# Spellcasting



## Lawrence (May 18, 2022)

Is casting a bad spell to abolish something bad a good thing to do?


----------



## Alligatorob (May 18, 2022)

Probably a pointless one, unless it somehow makes you feel better.

When fishing I sometimes have a spell of bad casting, does that count?


----------



## Murrmurr (May 18, 2022)

I'm sure it can't hurt.


----------



## helenbacque (May 18, 2022)

Is_ spellcheck_ a reliable defense?


----------



## Lawrence (May 18, 2022)

Alligatorob said:


> When fishing I sometimes have a spell of bad casting, does that count?


Yes, that counts, maybe someone cast a troublesome spell on you.


----------



## Lawrence (May 18, 2022)

Murrmurr said:


> I'm sure it can't hurt.


No, it does not. For in this evil and corrupt world we live it is a way to help us cope with the evil without directly being involved. It can be viewed as a form of stress reduction.


----------



## Lawrence (May 18, 2022)

helenbacque said:


> Is_ spellcheck_ a reliable defense?


Yes. Maybe someone put a spell on your computer.


----------



## Lawrence (May 18, 2022)

Does anyone want a spell cast? Let me know of the spell and if I feel like it, I can cast the spell for you.


----------



## helenbacque (May 18, 2022)

Lawrence said:


> Does anyone want a spell cast? Let me know of the spell and if I feel like it, I can cast the spell for you.

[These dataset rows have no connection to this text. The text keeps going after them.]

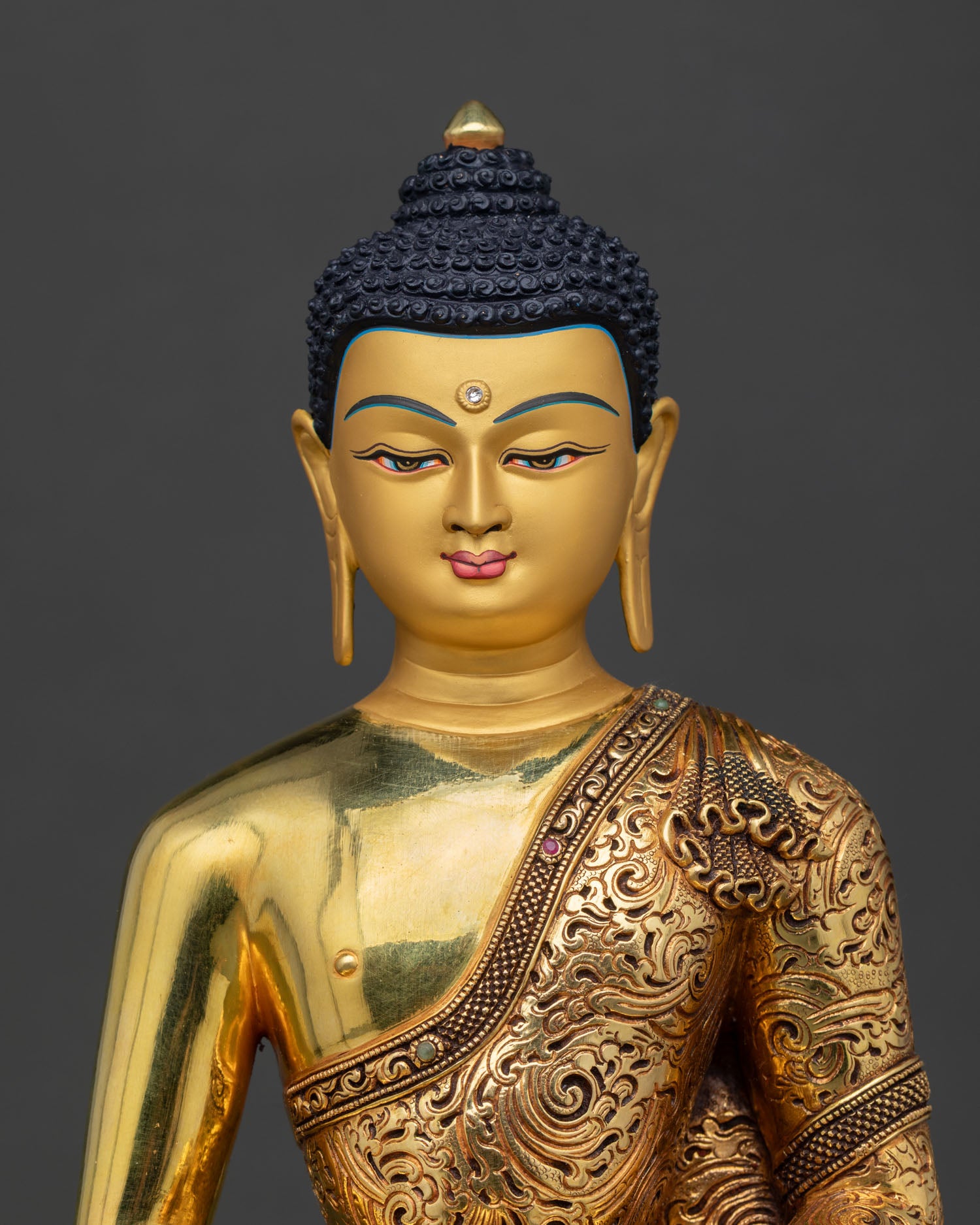 Close up Amitabha Buddha statue, gold-painted serene face, 3D relief carving repoussé detailing, semi precious stone accents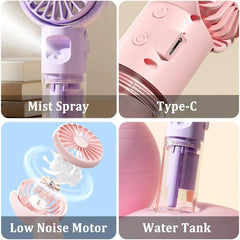 SJMR Portable Rechargeable Handheld Fan – 5-Speed Foldable Mini Fan. USB Powered for Home, Office, Travel, and Outdoor Use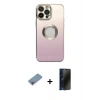 MARSİLYAN™- iPhone 13 Pro Max Kılıf Kutup Yansıma Özel Seri - Siyah 3D Antistatik Hayalet Cam Ekran Koruyucu + Shine Kamera Lens Koruma Cam - GI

Is there a charge?  If so, a money-back guarantee?


----------



## helenbacque (May 18, 2022)

Lawrence said:


> Yes. Maybe someone put a spell on your computer.


Maybe so.  It came with a few weird habits..


----------



## Serenity4321 (May 18, 2022)

Lawrence said:


> Is casting a bad spell to abolish something bad a good thing to do?

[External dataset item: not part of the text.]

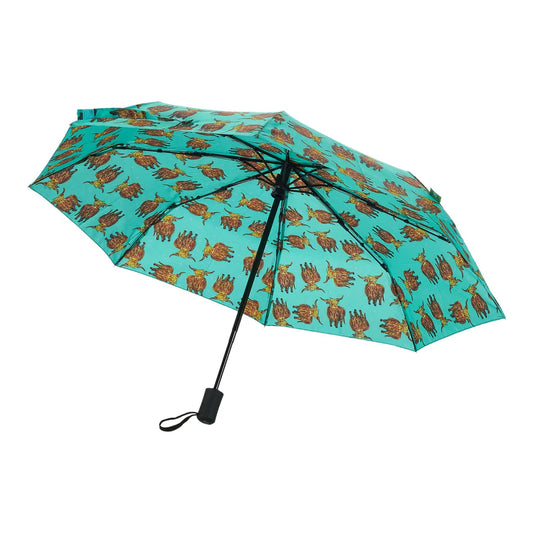 Automatic Folding Umbrella - Highland Cow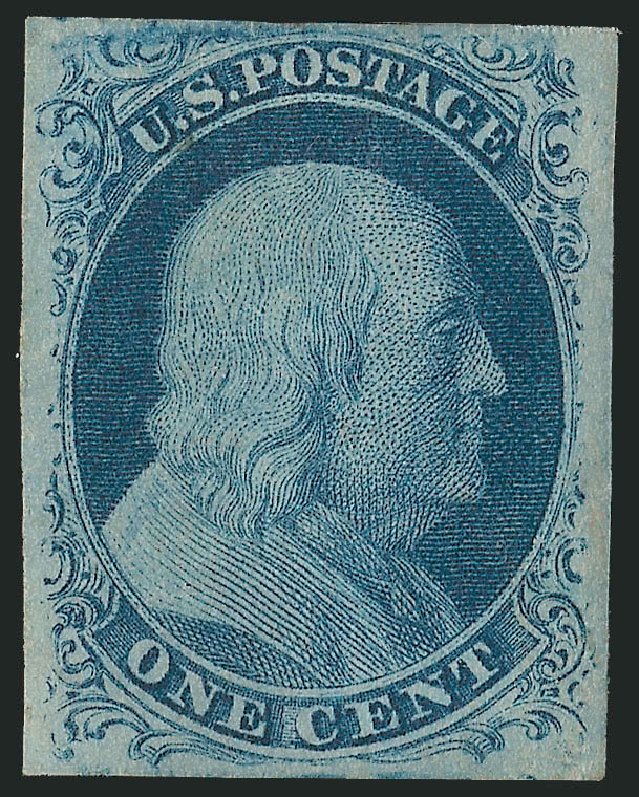 Price of US Stamp Scott Cat. # 7: 1851 1c Franklin. Robert Siegel Auction Galleries, Oct 2011, Sale 1014, Lot 1039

Do you mean  casting a spell to remove something bad? I think rather than emphasizing anything bad or negative, a positive attitude should be 'cast'


----------



## Lavinia (May 18, 2022)

Is prayer a form of spell-casting?


----------



## Lewkat (May 18, 2022)

The more I look at, "casting a spell," the weirder it becomes.
What the hell is a spell?


----------



## Lavinia (May 18, 2022)

Lewkat said:


> The more I look at, "casting a spell," the weirder it becomes.
> What the hell is a spell?


Basically, you focus your mind on something you want to happen. If you are powerful enough, it might just have an effect. (Thats the theory anyway)


----------



## Packerjohn (May 18, 2022)

I was born and raised in the country where folks had a lot of common sense.  No one ever cast a spell on anyone else.  If they did they probably would be laughed at for years to come.  I think this casting spell "stuff" comes from the dark ages in Europe and these days from Hollywood movies where they seem to be running out of "shocker" movies.  Me, I'm on the side of common sense.


----------



## WheatenLover (May 18, 2022)

Lawrence said:


> Does anyone want a spell cast? Let me know of the spell and if I feel like it, I can cast the spell for you.


Can you cast one that works objectively IRL? Like one for washing the dishes, so they get done without human intervention? I don't have a dishwasher.

I've always thought that if spells worked, they would work on household chores (like in _Bewitched_). Or on tying up burglars. Or on giving a person the perfect thing to wear. Or on trying out new hairstyles without have to commit to one right off the bat. Or on lifting the 89 year curse the Red Sox were under, way before the 89 years was up. Heck, what about big issues, like ending homelessness or deterring Russia? Feeding starving children? Getting rid of someone's evil power (but that might not fall into white witchcraft, which I would only practice, if I practiced.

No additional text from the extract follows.